Ja, das stimmt: Viele Menschen sind tief verunsichert über den Krieg in der Ukraine, über die Inflation und die explodierenden Energiepreise, über die dramatischen, sich zuspitzenden Folgen des Klimawandels. Sie fragen sich, wie sie das bewältigen, aushalten können. Auch vor 30 Jahren waren Millionen Menschen in Ostdeutschland verunsichert angesichts der sozialen und wirtschaftlichen Verwerfungen zwei Jahre nach der deutschen Einheit. Aber: All das ist keine Rechtfertigung für Hass gegen Menschen, die nichts anderes suchen, was auch wir uns sehnlichst wünschen: ein Zuhause, in dem sie sich einigermaßen sicher fühlen können und keine Angst haben müssen – und: Anerkennung in ihrem Menschsein, in ihren Bedürfnissen, in ihrer Herkunft.
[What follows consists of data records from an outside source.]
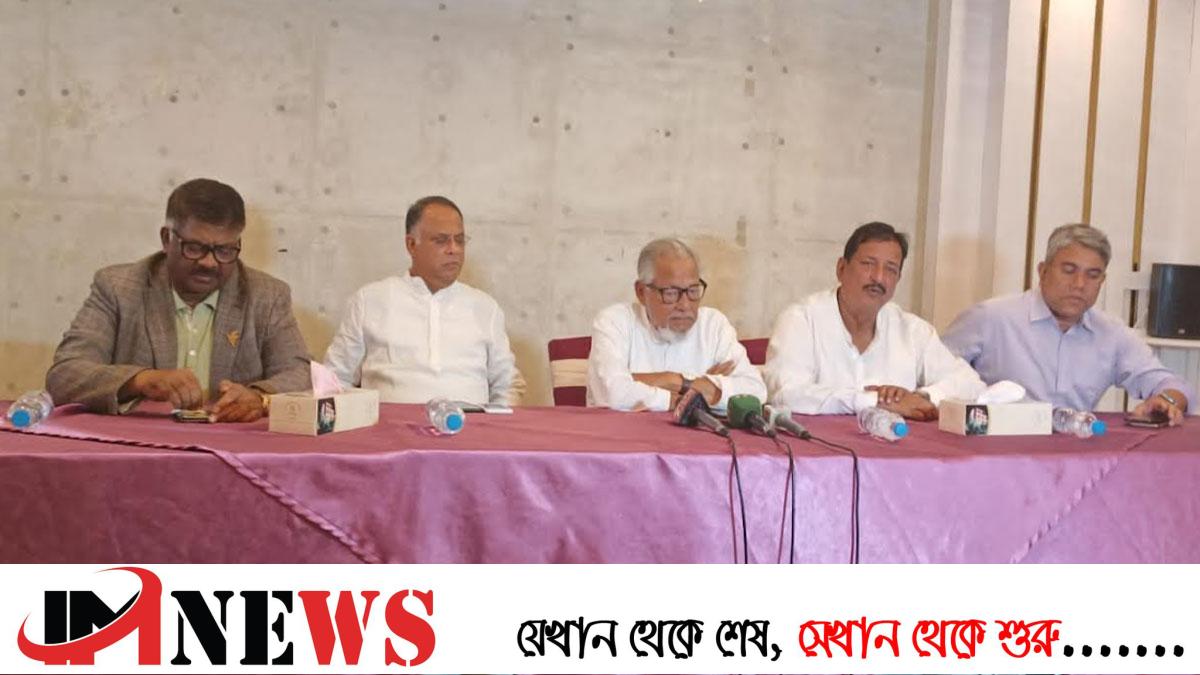 তিন ঘণ্টার সমাবেশ তিন দিনের হয়ে গেছে : নজরুল ইসলাম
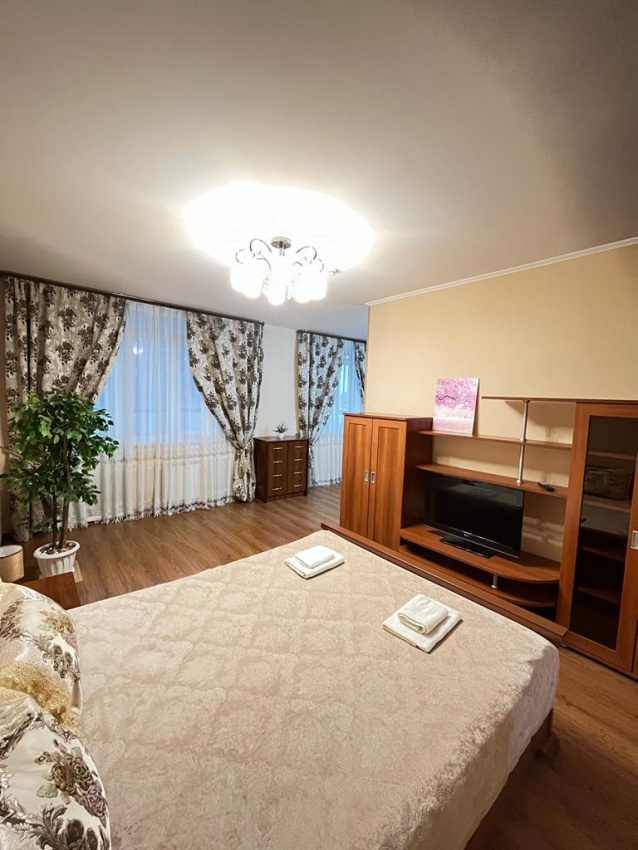 1-комнатная квартира Ярыгинская 23 в Красноярске - фото 1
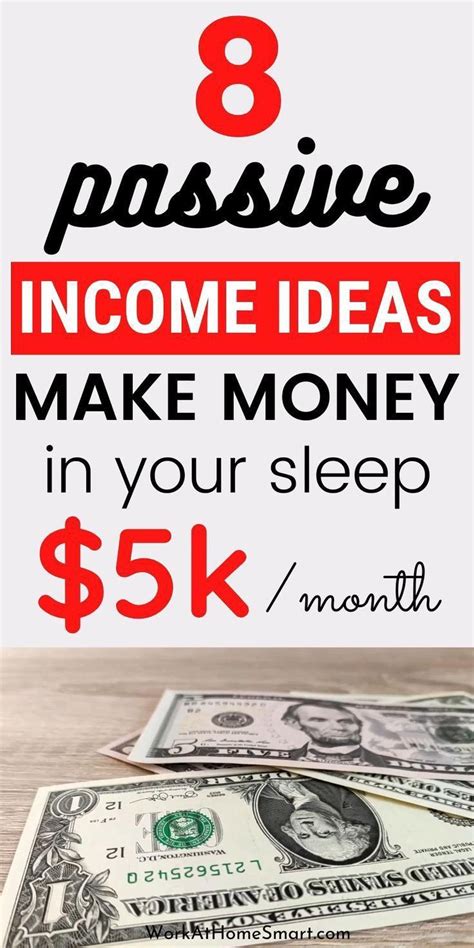 21 Passive Income Ideas That Will Make You Money While You Sleep Artofit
Die Geflüchteten sind doch nicht gekommen, um uns etwas wegzunehmen. Nein, sie wollen teilhaben an dem, was wir Gott sei Dank für uns selbst in Anspruch nehmen und Menschen anbieten können, die um Leib und Leben fürchten: Schutz, Sicherheit, Bildung, Freiheit, Demokratie. Wir haben zu lernen: Die Sicherheit der Geflüchteten ist unsere Sicherheit. Oder anders ausgedrückt: Die Qualität unseres Menschseins, unserer Gesellschaft, unserer Demokratie, unserer Solidarität wird daran sichtbar, wie wir mit den uns zunächst Fremden, den Verachteten, den Ausgegrenzten umgehen. Das galt und gilt zu allen Zeiten. Auch jetzt. Da, liebe Leute, schadet es nicht, sich an die Grundeinsichten des christlichen Glaubens zu erinnern. Glaube verwirklicht sich im gerechten Umgang mit Witwen, Waisen, Fremden. Vergessen wir bitte niemals: Wo der Hass regiert, verkümmert der Mensch und mit ihm alle menschliche Regung.
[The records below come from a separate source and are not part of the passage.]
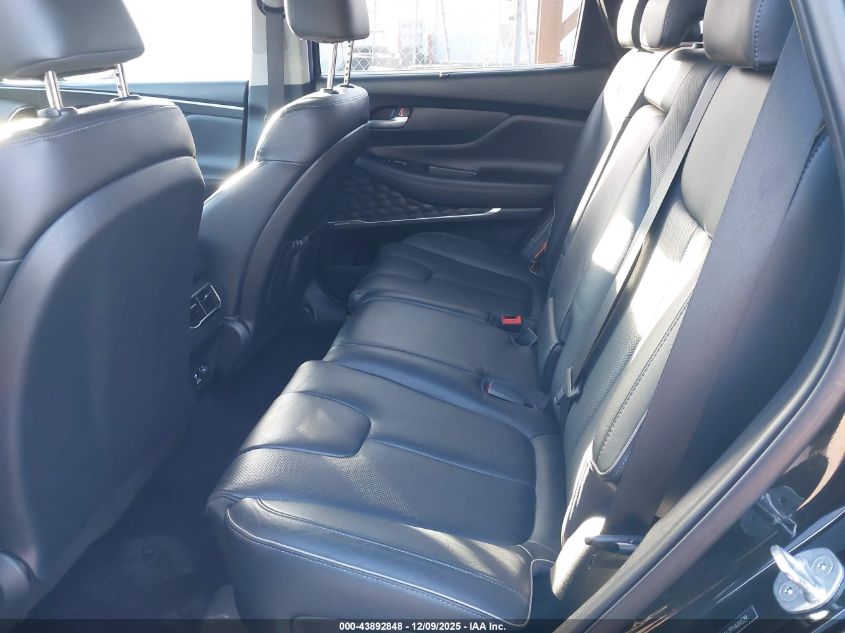 2023 Hyundai Santa Fe Limited VIN: 5NMS4DAL7PH484529 Lot: 43892848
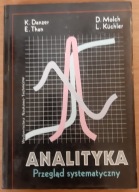 Analityka Przegląd systematyczny Klaus Danzer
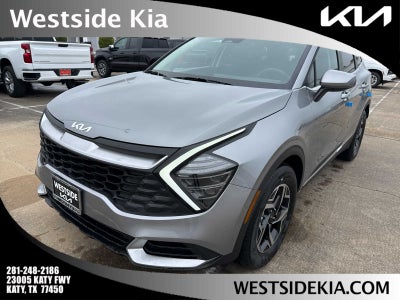 2025 Kia Sportage LX FWD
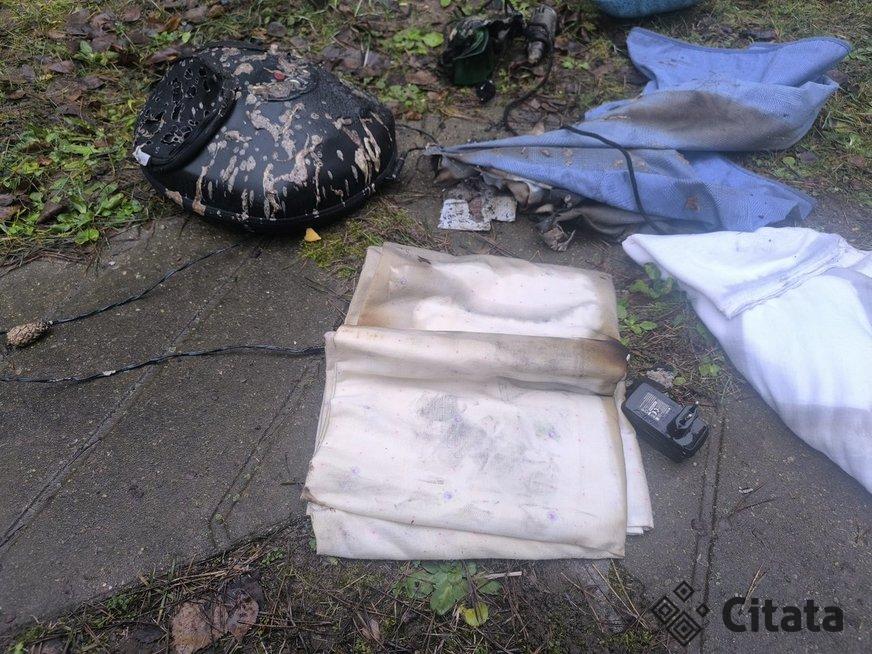 Gaisre Panevėžyje žuvo moteris 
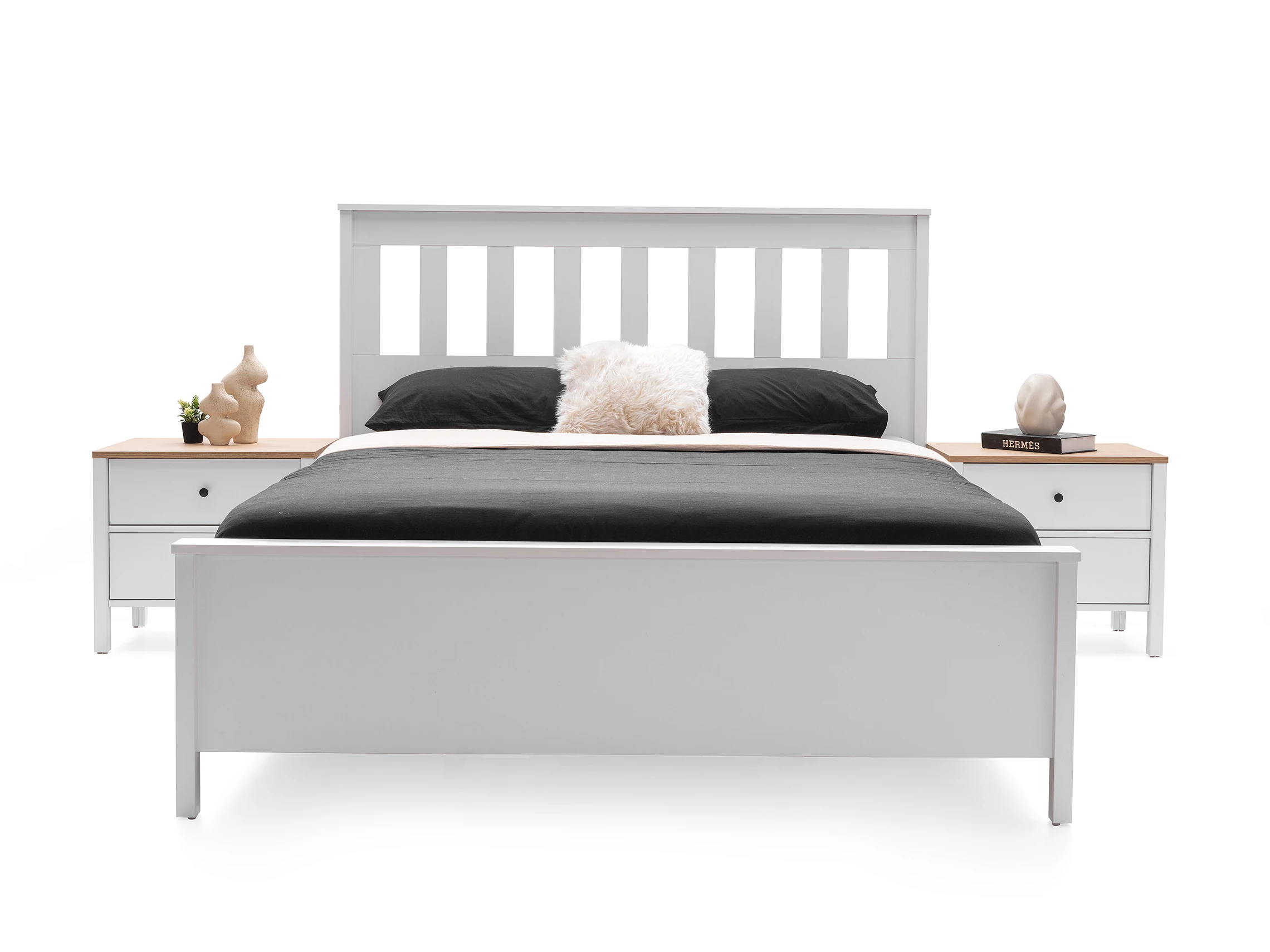 LOFT MONA AHŞAP KARYOLA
Zum Schluss noch drei kurze Ansagen:

  • Brandanschläge wie der am vergangenen Freitag bedürfen des unmissverständlichen, sofortigen und klaren Einspruchs der ganzen Stadtgesellschaft: NEIN zu Hass und Gewalt. JA zu einem friedlichen Zusammenleben von uns so verschiedenen Menschen.
  • Gerade wenn die gesellschaftspolitischen Probleme und Herausforderungen groß sind, sind Demokratie, Vielfalt, Respekt vor anderen Lebensentwürfen unverzichtbar!
  • In krisenhaften Zeiten wie diesen dürfen wir denen, die diese Lage für ihren menschenverachtenden Rechtsnationalismus auszunutzen versuchen, keinen, wirklich keinen Zentimeter Spielraum geben.

Vielen Dank, dass wir das mit dieser Demo heute Abend unterstreichen.